__Requirement__
Output each line of the data below exactly, omitting any image.

__Dataset excerpts__
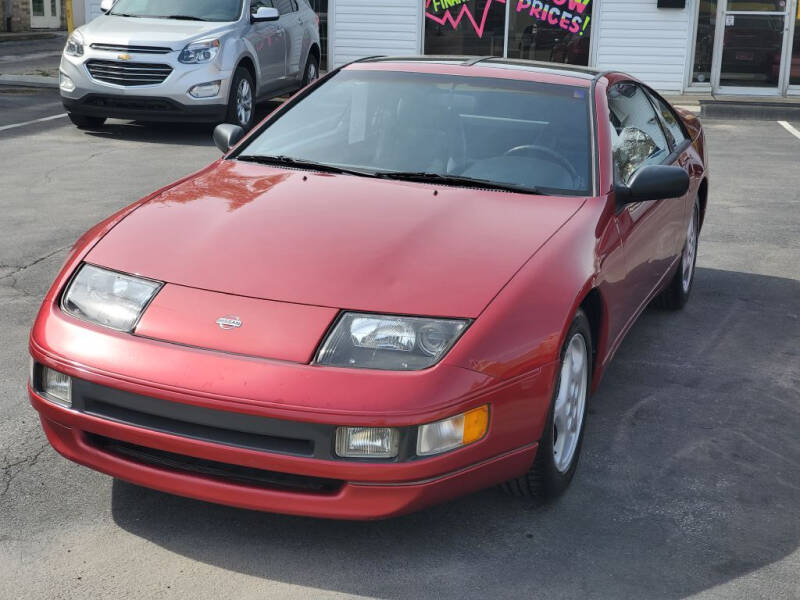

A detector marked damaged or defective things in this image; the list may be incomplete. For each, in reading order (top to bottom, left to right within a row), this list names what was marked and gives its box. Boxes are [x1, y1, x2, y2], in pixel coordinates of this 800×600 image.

exposed headlight [64, 31, 84, 57]
exposed headlight [179, 39, 220, 64]
exposed headlight [63, 264, 163, 332]
exposed headlight [316, 314, 468, 370]
exposed headlight [334, 426, 400, 460]
exposed headlight [418, 406, 488, 458]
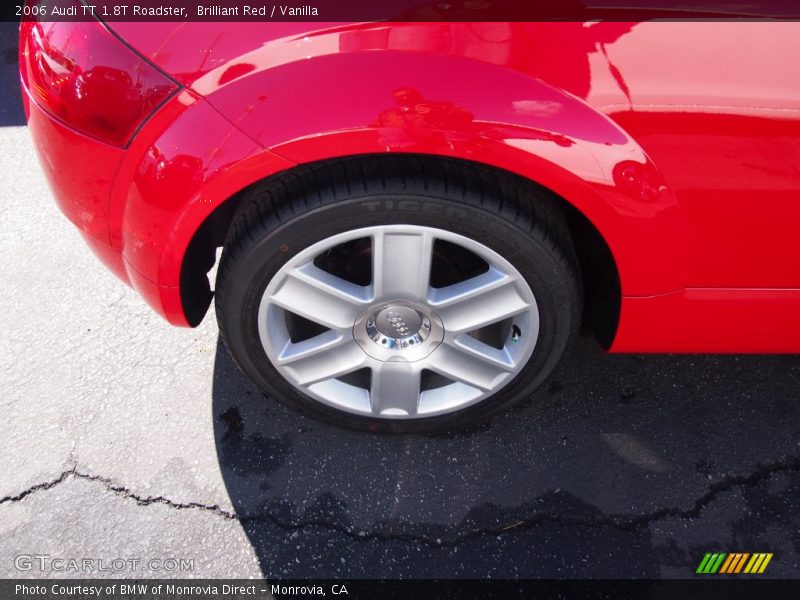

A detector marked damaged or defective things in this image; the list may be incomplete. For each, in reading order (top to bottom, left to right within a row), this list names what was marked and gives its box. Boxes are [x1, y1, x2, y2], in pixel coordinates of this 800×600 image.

crack in asphalt [3, 454, 796, 548]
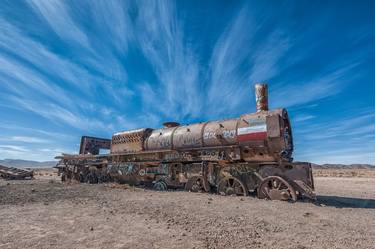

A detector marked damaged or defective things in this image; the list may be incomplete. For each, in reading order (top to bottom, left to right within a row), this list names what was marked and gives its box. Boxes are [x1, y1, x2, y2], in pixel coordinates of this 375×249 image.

rusted steam locomotive [55, 84, 314, 201]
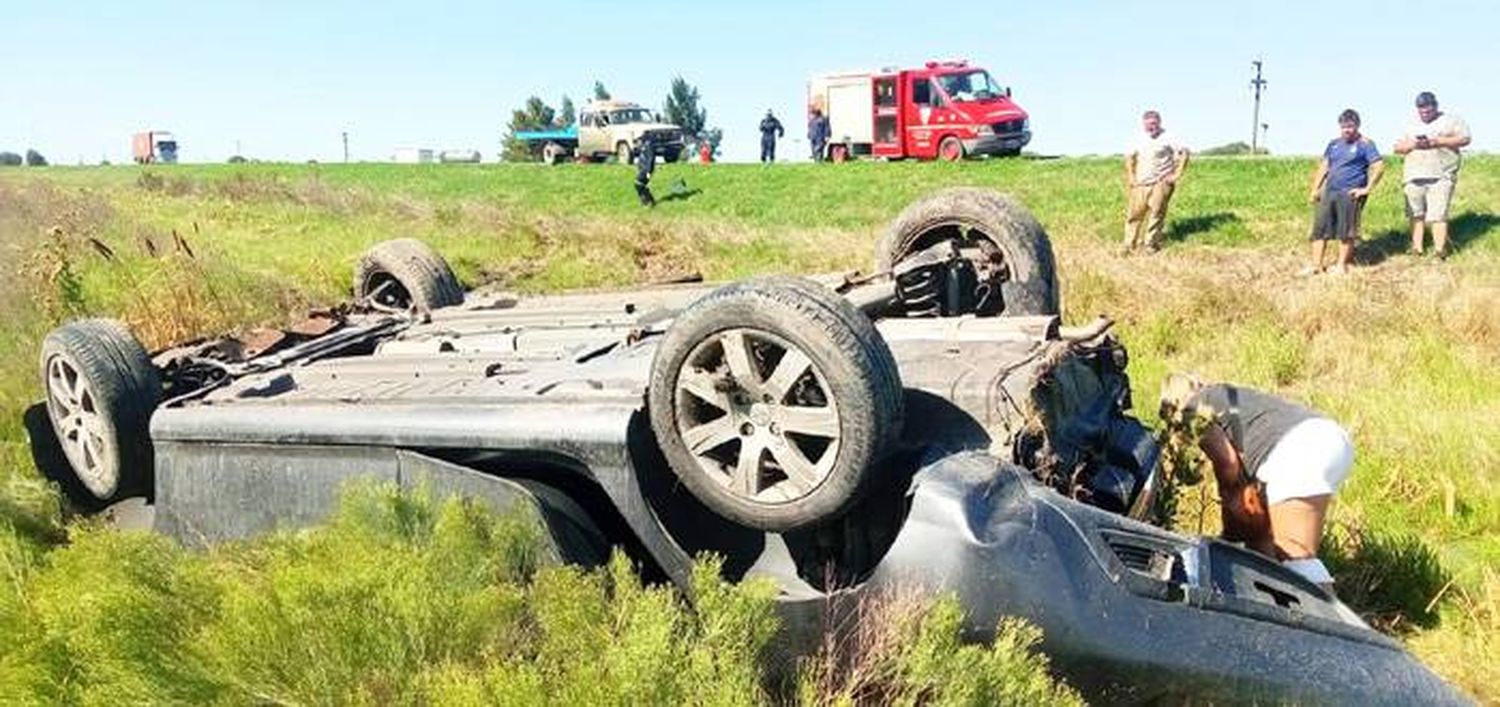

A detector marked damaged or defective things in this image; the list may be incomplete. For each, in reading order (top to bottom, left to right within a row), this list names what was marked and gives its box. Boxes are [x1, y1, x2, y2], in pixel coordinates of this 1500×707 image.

broken windshield [940, 72, 1012, 103]
overturned vehicle [32, 191, 1472, 704]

__Response__
A detector marked damaged or defective things in this image; the list may be incomplete. For each, in reading order (top to bottom, left to right within a row), this list names what was marked and gives its box. Boxes are [x1, y1, x2, y2], in pixel coordinates of this 800×600 image.

exposed headlight [64, 31, 84, 57]
exposed headlight [179, 39, 220, 64]
exposed headlight [63, 264, 163, 332]
exposed headlight [316, 314, 468, 370]
exposed headlight [334, 426, 400, 460]
exposed headlight [418, 406, 488, 458]

A detector marked damaged or defective things in this image; the list may be incomplete. For each, in reading order (top to bottom, left to right within a row), this list names what was marked and gives its box. Boxes are [x1, y1, x2, y2], in pixel coordinates of this 800×600 image.

crack in asphalt [3, 454, 796, 548]

A detector marked damaged or defective things in this image; the list may be incomplete. For each, in reading order (top to bottom, left to right within a row), this list names what was marked and gives its box. Boxes are [x1, y1, x2, y2], in pixel coordinates of this 375×249 image.

rusted steam locomotive [55, 84, 314, 201]

A detector marked damaged or defective things in this image; the list may be incomplete. For each, in reading order (top to bottom, left to right within a row), this list names what was marked and gives its box. Boxes are [x1, y1, x2, y2], in pixel coordinates of this 1500×707 image.

broken windshield [940, 72, 1012, 103]
overturned vehicle [32, 191, 1472, 704]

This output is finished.